José Juan Cervera
El temor de hallar figuras monstruosas y diabólicas impide a algunas personas sumergirse en las brumas nocturnas. Otras liberan en ellas sus viejos fantasmas y los domestican para ponerlos al servicio de su caudal de transparencias.
Las almas en pena y los barcos sin timón rompen el orden de la materia impasible y de las rutas trazadas sobre la aleta de un pez.
Los cuentos tramados para asustar a los niños adquieren con ellos la mayoría de edad, cambian su rostro y mudan el timbre de su voz para comunicar horrores silentes, y para asimilar gritos de tiempos fenecidos.
Calderos de bruja y hogueras de la Inquisición atizan el fuego de un subsuelo que aflora para envilecer la superficie de campiñas y credos.
En la espesura del monte gravitan sombras y voces que torturan el recuerdo de un origen dictado en sentencias de espanto.
En continuo vaivén, la culpa y el sosiego se persiguen y suplantan la huella de sus pasos.

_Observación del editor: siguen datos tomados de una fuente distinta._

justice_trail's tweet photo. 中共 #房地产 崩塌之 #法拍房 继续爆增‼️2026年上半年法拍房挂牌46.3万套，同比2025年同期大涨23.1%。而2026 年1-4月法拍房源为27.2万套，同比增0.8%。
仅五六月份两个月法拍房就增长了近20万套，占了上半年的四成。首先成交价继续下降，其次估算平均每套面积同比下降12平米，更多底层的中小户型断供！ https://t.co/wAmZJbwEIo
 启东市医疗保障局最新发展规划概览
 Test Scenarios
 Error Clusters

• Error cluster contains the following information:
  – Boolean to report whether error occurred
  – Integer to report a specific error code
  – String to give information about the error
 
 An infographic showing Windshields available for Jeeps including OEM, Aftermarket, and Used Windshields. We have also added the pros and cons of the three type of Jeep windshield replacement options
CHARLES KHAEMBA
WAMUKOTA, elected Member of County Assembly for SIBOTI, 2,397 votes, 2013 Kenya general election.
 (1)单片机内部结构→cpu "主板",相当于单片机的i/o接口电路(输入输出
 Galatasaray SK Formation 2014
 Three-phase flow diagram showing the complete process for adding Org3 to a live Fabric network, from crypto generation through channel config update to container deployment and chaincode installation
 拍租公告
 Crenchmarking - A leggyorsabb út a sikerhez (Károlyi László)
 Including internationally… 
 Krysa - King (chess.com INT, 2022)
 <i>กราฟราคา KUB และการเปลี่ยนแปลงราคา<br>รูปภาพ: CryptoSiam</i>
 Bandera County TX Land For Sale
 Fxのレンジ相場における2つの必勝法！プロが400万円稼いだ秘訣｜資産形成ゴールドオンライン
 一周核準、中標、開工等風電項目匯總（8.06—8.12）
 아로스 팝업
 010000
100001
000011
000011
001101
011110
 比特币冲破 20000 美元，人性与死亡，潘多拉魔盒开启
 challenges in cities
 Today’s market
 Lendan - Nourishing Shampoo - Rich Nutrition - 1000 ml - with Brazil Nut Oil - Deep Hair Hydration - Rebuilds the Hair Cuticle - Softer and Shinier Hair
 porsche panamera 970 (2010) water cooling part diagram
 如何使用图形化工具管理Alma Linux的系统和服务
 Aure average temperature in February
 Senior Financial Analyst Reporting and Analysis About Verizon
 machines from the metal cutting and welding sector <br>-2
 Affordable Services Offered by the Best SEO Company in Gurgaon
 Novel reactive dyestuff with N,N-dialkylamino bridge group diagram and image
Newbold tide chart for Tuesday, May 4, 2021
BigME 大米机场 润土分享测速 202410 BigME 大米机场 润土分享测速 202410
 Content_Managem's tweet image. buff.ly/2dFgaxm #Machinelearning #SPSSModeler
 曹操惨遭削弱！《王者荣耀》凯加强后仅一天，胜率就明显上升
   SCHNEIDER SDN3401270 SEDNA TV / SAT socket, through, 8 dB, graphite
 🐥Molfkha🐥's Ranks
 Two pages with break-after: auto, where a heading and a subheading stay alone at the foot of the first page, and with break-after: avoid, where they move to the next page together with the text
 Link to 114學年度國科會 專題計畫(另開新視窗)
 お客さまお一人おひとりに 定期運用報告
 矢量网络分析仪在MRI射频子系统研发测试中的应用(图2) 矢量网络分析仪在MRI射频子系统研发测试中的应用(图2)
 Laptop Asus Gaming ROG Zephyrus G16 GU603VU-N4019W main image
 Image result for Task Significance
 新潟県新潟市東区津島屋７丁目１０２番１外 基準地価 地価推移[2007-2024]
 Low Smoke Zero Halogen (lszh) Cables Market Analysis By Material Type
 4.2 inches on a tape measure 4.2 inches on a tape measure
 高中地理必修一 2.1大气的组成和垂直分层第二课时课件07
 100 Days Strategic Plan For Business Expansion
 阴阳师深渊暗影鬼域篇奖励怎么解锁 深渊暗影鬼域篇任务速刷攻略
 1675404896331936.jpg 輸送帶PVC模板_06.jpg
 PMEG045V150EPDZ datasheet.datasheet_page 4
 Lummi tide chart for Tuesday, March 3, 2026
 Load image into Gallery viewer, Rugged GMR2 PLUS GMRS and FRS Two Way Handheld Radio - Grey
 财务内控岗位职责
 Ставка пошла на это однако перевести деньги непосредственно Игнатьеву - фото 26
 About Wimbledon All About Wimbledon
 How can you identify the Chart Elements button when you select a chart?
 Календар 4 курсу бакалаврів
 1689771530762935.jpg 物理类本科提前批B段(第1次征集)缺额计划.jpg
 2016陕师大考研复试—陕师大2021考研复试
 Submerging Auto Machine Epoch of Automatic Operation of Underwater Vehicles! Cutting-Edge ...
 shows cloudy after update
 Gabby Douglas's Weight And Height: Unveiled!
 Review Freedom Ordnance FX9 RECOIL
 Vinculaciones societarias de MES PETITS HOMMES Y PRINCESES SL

Emisarios de la oscuridad emergen de madrigueras tortuosas para renegar de la luz que subleva sus entrañas.
Tras el paso de siglos que ya nadie puede contar, el grito primigenio de la especie ensordece rumores frescos y patrañas de moda.
El temor acicala su coquetería con instrumentos de tortura y anatemas aviesos, con golpes de soslayo e hipócritas congratulaciones.
El explorador del abismo pierde la compostura a los pocos metros de su precipitada decisión.